Then I ask what they like in the job and what they don't like, how they work,
what is boring and what is not, why they stay / why they would leave.

#2 continuous improvement : I want everyone to be concerned by documentation,
automation, best practices, fixing root cause of issues rather than
consequences. I want to work with people who have sufficient balls to say 'No'
to stupid orders and take the time to improve something rather than using
quick and dirty solutions. I want to see rights decisions being taken.

#3 focus: a good place to work is a place where we can concentrate, and where
context switching and interruptions are avoided by everyone.
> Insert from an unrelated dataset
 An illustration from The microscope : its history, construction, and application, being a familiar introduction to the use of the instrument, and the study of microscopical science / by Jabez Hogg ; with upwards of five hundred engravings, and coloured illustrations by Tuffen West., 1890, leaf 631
#4 flexibility, transparency and trust : I want to be able to work without
wasting too much time with processes, interruptions, lack of permissions etc.
a place where we can trust people enough to give them the ability to give
their best and have control on the how-to. everyone should be able to see the
important decisions. There should not be room for information hiding and
obscurity. People should be able to tell what is not ok without being afraid
to be fired

#5 strategy : a place where strategy is clear, everyone work together and have
a common language, a common set of best practices they follow, the know why
they do stuff, they are all aware of company decisions and strategy, why some
decisions are taken, and decisions make sense (no need to waste time and money
on useless process and tools that are counter productive)

#6 learning : a good place to learn new hard and soft skills

#7 extra advantages : laptop, internet, home working, transportation, pay,
trainings etc help to decide between multiple jobs opportunities

------
yahn007
For me, people are the most important. Unfortunately haven't figured out a way
to figure out if this is a match until the in-person interview. Some companies
are overly introverted or big into competition and accountability. I usually
mesh more with an extroverted, relaxed, "mistakes are okay, just learn from
them" crowd.

Flexibility is #2. Prefer to work in the office over remote, but like to have
the option for either. That way I can see the family a couple times a year and
use my vacation to actually vacation.

#3, since I prefer the office and live in Los Angeles is commute.

#4 is pay.

Benefits are basically the same everywhere. But I wish Kaiser insurance was
more popular here...